ところで、あるべき姿を求める方法として、現状を分析し問題点を見つけ出し云々、あるいは問題を分析し云々などと説明している問題解決法もありますが、あるべき姿とは、問題から導き出すものではなく、問題解決をしようとする当事者が、何が問題かを見出すために具体化するものです。
例えば、事業における「あるべき姿」であれば、会社の事業と顧客の関係から決めることができます。個人の問題であれば、個人の人生観や価値観などから「あるべき姿」を決められます。その他国の問題であれ、地域の問題であれ、大切なことは、その問題が解決されたときに効果や影響力が及ぶ社会の「あるべき姿」について、問題解決しようとする人が具体的に整理し明確に決めることが大切です。
「あるべき姿」の情報整理と具体化には、日科技連の新QC七つ道具を使うことができます。親和図法や連関図法、系統図法で情報を整理するとわかりやすくなります。マトリックス図法も有効かもしれません。
製品開発の現場で発生する技術的問題では、製品の仕様書が「あるべき姿」の代用になります。製品を組み立てる各部品について、担当部署へ製品仕様書を提示し、各部品の「あるべき姿」をそれぞれ確認する作業が必要かもしれません。また、初めてのプロジェクトであり諸々の環境が整っていない時などは、ドラッカーの指摘を参考にして、各人の認識が同じと思われる「われわれの事業は何か」あるいは「われわれの事業は何になるか」、「われわれの事業は何であるべきか」などを改めて問いなおすところから始める必要があるかもしれません。

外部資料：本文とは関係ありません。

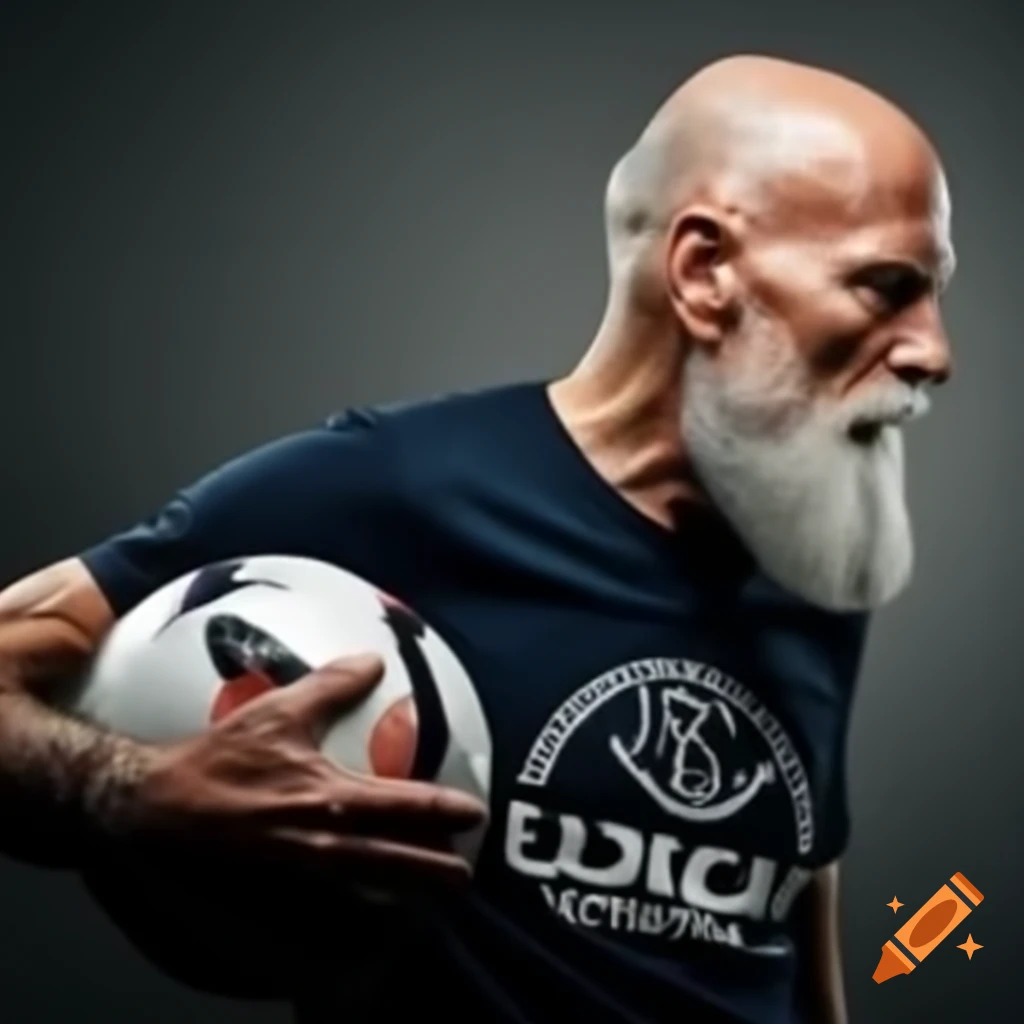 Full-body profile of a bearded, bald grandpa in team t-shirt holding a football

「あるべき姿」と「現実」の乖離が「問題」になりますが、「あるべき姿」が具体化されますと「現実」が整理されていなくてもこれまでの経験から問題が具体的に見えてきます。問題解決の必要があるときには、「あるべき姿」と「現実」の乖離が大きい時ですから、「現実」の整理が必要無いと感じるくらいに、「問題」が具体化されます。しかしそのような時でも「現実」の具体化と整理は必要です。